> TASK REQUIREMENTS:
For this exercise, please reproduce the records below word for word, from the first line through the line with "BrainMax® Super Omega".

###

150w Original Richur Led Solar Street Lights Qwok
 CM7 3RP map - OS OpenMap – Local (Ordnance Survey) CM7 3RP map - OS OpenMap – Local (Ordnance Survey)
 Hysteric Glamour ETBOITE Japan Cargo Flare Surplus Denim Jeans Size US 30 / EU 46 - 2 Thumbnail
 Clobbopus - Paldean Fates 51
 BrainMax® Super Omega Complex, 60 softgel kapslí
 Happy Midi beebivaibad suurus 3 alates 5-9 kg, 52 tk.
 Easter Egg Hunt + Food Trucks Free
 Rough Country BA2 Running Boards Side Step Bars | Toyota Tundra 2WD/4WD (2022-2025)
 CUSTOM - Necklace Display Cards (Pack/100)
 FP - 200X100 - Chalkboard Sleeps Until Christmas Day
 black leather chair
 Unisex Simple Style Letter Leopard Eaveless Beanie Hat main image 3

###

> OUTPUT BELOW:
150w Original Richur Led Solar Street Lights Qwok
 CM7 3RP map - OS OpenMap – Local (Ordnance Survey) CM7 3RP map - OS OpenMap – Local (Ordnance Survey)
 Hysteric Glamour ETBOITE Japan Cargo Flare Surplus Denim Jeans Size US 30 / EU 46 - 2 Thumbnail
 Clobbopus - Paldean Fates 51
 BrainMax® Super Omega Complex, 60 softgel kapslí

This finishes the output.